> [ACTIVITY] Each entry is to be retyped exactly as it appears, and each image is to be dropped.

Items from a data source:
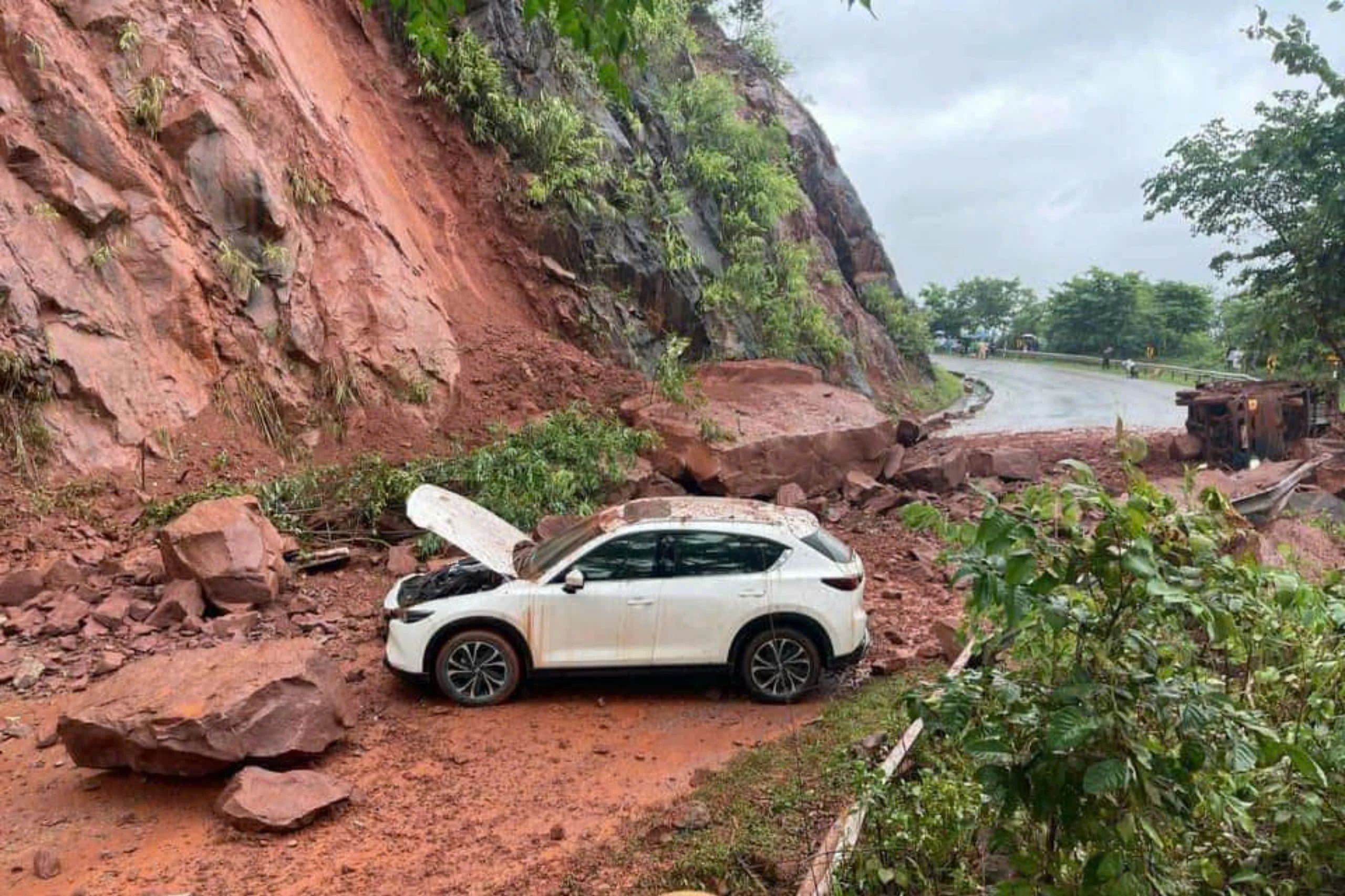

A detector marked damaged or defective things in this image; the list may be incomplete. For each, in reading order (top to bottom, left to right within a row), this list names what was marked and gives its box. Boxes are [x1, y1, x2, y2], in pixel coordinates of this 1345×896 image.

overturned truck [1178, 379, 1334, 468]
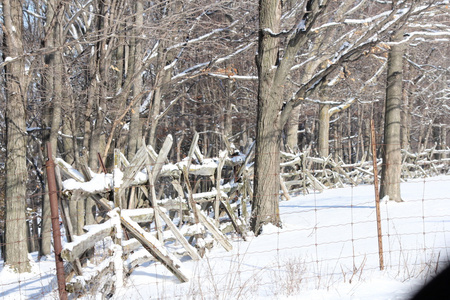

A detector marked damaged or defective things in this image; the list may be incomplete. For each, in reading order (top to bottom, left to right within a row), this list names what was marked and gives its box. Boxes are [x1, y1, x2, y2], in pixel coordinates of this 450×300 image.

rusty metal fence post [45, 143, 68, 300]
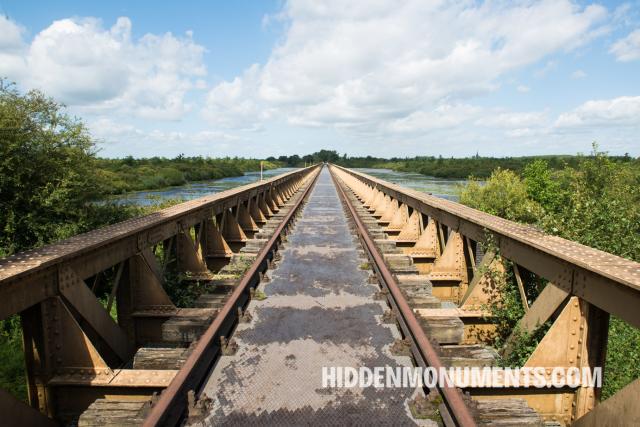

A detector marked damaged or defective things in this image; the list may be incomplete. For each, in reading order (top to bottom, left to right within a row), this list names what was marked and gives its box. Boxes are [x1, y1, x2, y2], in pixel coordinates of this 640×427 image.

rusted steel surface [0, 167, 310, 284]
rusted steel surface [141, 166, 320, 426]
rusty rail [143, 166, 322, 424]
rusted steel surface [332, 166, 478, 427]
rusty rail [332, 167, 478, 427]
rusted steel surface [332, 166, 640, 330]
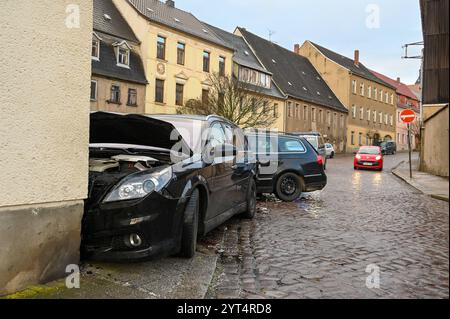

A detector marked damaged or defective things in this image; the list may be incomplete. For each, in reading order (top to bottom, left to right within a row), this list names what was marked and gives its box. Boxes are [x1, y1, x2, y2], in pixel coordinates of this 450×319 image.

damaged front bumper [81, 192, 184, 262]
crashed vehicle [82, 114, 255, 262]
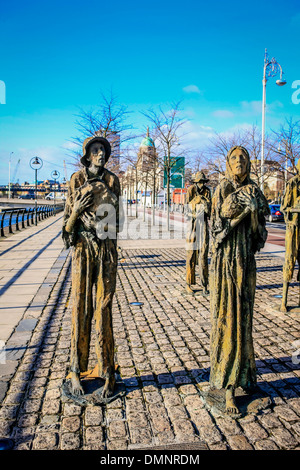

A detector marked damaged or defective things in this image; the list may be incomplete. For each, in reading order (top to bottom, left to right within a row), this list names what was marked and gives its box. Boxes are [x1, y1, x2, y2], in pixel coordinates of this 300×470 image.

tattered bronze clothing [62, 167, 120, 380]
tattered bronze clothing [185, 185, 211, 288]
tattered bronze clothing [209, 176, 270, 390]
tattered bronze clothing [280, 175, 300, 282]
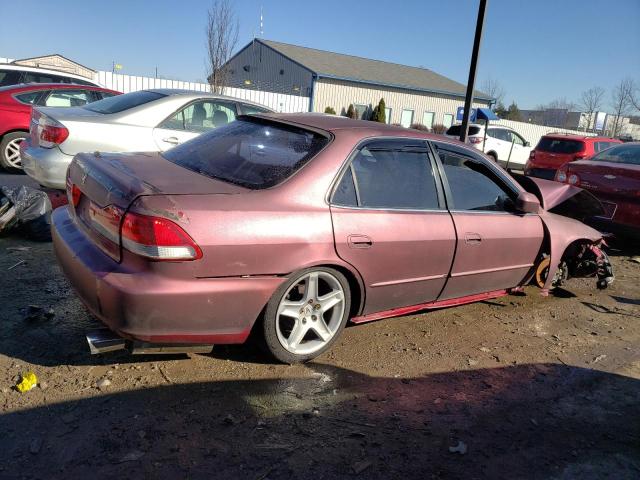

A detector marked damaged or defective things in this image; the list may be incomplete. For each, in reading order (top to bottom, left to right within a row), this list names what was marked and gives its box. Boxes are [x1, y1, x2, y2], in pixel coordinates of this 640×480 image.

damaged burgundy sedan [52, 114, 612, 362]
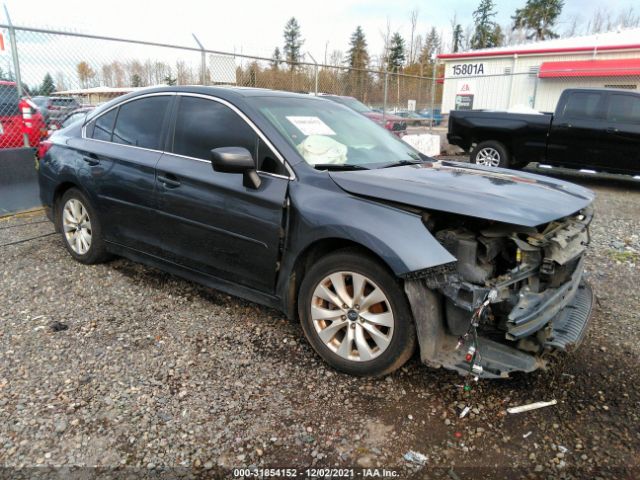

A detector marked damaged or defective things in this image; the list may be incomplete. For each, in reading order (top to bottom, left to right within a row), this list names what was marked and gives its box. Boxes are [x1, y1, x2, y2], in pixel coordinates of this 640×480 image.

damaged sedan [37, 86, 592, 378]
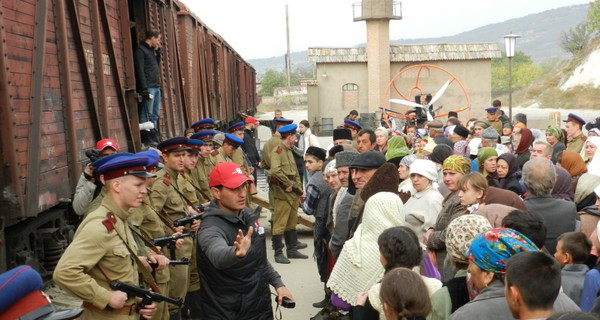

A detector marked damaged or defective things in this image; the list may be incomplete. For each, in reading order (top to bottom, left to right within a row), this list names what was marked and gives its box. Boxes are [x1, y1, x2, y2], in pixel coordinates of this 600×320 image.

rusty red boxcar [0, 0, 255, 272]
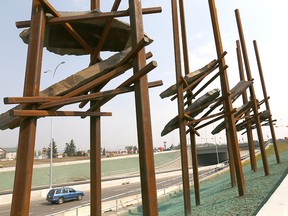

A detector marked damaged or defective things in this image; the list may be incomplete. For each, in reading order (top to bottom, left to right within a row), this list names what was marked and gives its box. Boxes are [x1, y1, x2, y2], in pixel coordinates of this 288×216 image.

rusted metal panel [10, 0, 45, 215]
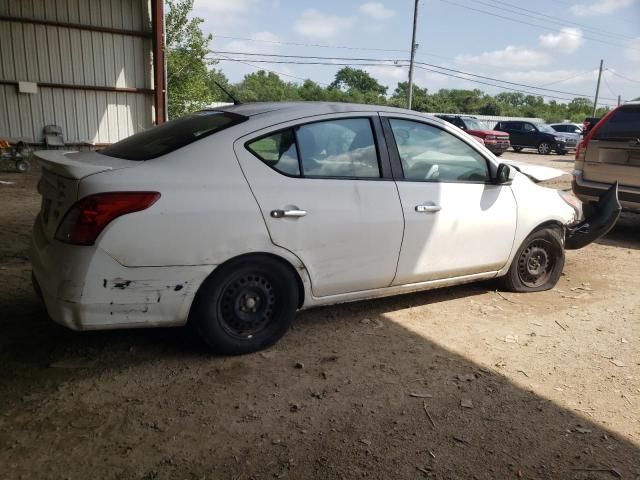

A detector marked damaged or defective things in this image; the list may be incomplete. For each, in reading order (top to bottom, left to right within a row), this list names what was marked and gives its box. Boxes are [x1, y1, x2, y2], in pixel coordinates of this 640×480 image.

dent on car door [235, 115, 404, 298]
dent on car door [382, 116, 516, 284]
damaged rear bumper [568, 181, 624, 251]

> [EXERCISE OUTPUT]
A detector marked damaged or defective things in this image; the list may be incomplete. For each, in reading order (top to bottom, left to right within a row), this list names what was marked and gives its box. Boxes are [x1, y1, x2, y2], in pixel coordinates of this 1345×896 image.

overturned truck [1178, 379, 1334, 468]

A detector marked damaged or defective things in this image; the list may be incomplete. For each, in reading order (top to bottom, left to right within a row), this list names what was marked and gives its box. Boxes are [x1, y1, x2, y2], in pixel coordinates of this 450×300 image.

rusty metal fence post [45, 143, 68, 300]

A detector marked damaged or defective things in this image; the list may be incomplete. For each, in reading order (top to bottom, left to right within a row), this list names what was marked and gives its box. Boxes are [x1, y1, x2, y2], in pixel coordinates of this 640×427 image.

rusted steel surface [0, 167, 310, 284]
rusted steel surface [141, 166, 320, 426]
rusty rail [143, 166, 322, 424]
rusted steel surface [332, 166, 478, 427]
rusty rail [332, 167, 478, 427]
rusted steel surface [332, 166, 640, 330]

A detector marked damaged or defective things in this image; the list may be incomplete. For each, in reading order (top to bottom, left to right within a row), this list names what was marked and gives its box. Boxes are [x1, y1, x2, y2], in pixel coordinates of this 450×319 image.

damaged front bumper [81, 192, 184, 262]
crashed vehicle [82, 114, 255, 262]

A detector marked damaged or defective things in this image; the list may be incomplete. For each, in reading order (top to bottom, left to right within a row), this list names what was marked and gives its box. Boxes are [x1, y1, x2, y2], in pixel coordinates of this 300×470 image.

tattered bronze clothing [62, 167, 120, 380]
tattered bronze clothing [185, 185, 211, 288]
tattered bronze clothing [209, 176, 270, 390]
tattered bronze clothing [280, 175, 300, 282]

A detector marked damaged or defective things in this image; the list may be incomplete. For each, in reading order (top to bottom, left to right within a row), this list names what was marked and gives its box. Boxes are [x1, y1, x2, y2], in pixel coordinates of this 640×480 image.

damaged burgundy sedan [52, 114, 612, 362]

A detector marked damaged or defective things in this image; the list may be incomplete. For each, in reading order (top to bottom, left to right within a row), this list names what was marked and gives its box. Boxes are [x1, y1, x2, y2], in pixel coordinates of this 640×480 image.

damaged sedan [37, 86, 592, 378]

A detector marked damaged or defective things in this image; the list may be incomplete. For each, in reading order (top to bottom, left to right within a row), this list names what was marked and gives its box. Boxes are [x1, y1, x2, y2], in pixel coordinates of this 600×320 image.

rusty red boxcar [0, 0, 255, 272]

A detector marked damaged or defective things in this image; the list may be incomplete. For each, in reading order (top to bottom, left to right within a row), this list names what was marked and gives its box. Boxes are [x1, y1, x2, y2], in pixel coordinates of this 288×216 image.

rusted metal panel [10, 0, 45, 215]

A detector marked damaged or defective things in this image; the list may be incomplete. For each, in reading order (top to bottom, left to right within a row), this list names what was marked and gives its box. Boxes are [x1, y1, x2, y2], in pixel coordinates of this 640×480 image.

dent on car door [235, 115, 404, 298]
dent on car door [382, 116, 516, 284]
damaged rear bumper [568, 181, 624, 251]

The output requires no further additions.